Out beyond the moonless, starless place
in solitude and glorious bliss
You were there while
I was sleeping

Astride a beam of light
that pierced the beyond
with a brilliant , fearless invasion
You were coming while
I was sleeping

Walked with the wind
Spoke to the rain
Commanded darkness
Brought peace to the earth
You were Divine while
I was sleeping

But
In the middle of a lonely, black night
forsaken and forlorn
You were grieving while
I was sleeping

Bruised
Pierced
Chastised
And died, yet
You were only sleeping while
I was sleeping

Like a thief through my window
to steal my heart away
You tip-toed to my soul while
I was sleeping

With the gaze of a Prince
And one sweet kiss
You awakened me while
I was sleeping

I Was Sleeping©
By: Jayme Martin

(illustration by: Ginella Calvit Hedelsky)

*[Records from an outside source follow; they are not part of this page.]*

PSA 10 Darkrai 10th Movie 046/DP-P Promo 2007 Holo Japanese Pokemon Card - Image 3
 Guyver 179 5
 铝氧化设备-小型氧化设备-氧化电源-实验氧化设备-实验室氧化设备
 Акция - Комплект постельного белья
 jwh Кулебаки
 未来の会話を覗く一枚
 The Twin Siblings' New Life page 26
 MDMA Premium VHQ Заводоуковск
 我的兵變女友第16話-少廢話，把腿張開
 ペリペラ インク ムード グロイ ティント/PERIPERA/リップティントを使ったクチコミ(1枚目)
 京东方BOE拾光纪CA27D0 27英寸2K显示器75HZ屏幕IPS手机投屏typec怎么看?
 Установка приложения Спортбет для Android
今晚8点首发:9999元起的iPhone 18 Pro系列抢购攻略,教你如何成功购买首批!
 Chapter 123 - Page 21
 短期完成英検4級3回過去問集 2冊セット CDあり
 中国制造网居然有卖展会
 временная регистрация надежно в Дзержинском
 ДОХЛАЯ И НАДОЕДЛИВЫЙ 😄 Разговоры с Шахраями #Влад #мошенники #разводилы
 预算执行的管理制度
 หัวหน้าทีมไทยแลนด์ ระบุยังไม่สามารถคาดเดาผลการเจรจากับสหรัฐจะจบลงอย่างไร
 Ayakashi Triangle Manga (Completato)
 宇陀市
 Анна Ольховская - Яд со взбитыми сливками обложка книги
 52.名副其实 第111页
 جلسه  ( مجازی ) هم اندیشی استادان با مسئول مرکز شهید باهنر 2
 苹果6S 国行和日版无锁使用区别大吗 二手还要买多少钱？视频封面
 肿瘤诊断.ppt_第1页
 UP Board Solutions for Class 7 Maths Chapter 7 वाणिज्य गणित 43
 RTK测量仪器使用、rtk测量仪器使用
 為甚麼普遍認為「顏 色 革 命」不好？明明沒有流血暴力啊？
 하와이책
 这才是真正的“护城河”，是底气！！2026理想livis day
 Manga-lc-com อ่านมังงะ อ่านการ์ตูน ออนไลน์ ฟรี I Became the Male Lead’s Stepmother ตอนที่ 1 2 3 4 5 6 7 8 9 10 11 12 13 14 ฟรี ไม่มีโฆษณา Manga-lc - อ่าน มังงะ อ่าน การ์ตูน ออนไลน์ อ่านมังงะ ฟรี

* I find Him in alone-ness.

And after he had dismissed the crowds, he went up on the mountain by himself to pray.

Matt 14:23

The day that Jesus found out that his cousin, John, had been murdered he leaves the crowd and gets in a boat and goes to a quiet place so that he can be alone.  When the crowd hears where Jesus is, they follow him and wait for him on the shore.  When Jesus got back he saw them and had compassion on them and healed the sick.   Evening came and the disciples felt like Jesus should send the crowd away because it was suppertime.  But Jesus tells them “no”.  He feeds 5000+ people with 5 loaves of bread and 2 fish.
—Then —
Jesus immediately sends his disciples ahead of him.  Then the Bible says that…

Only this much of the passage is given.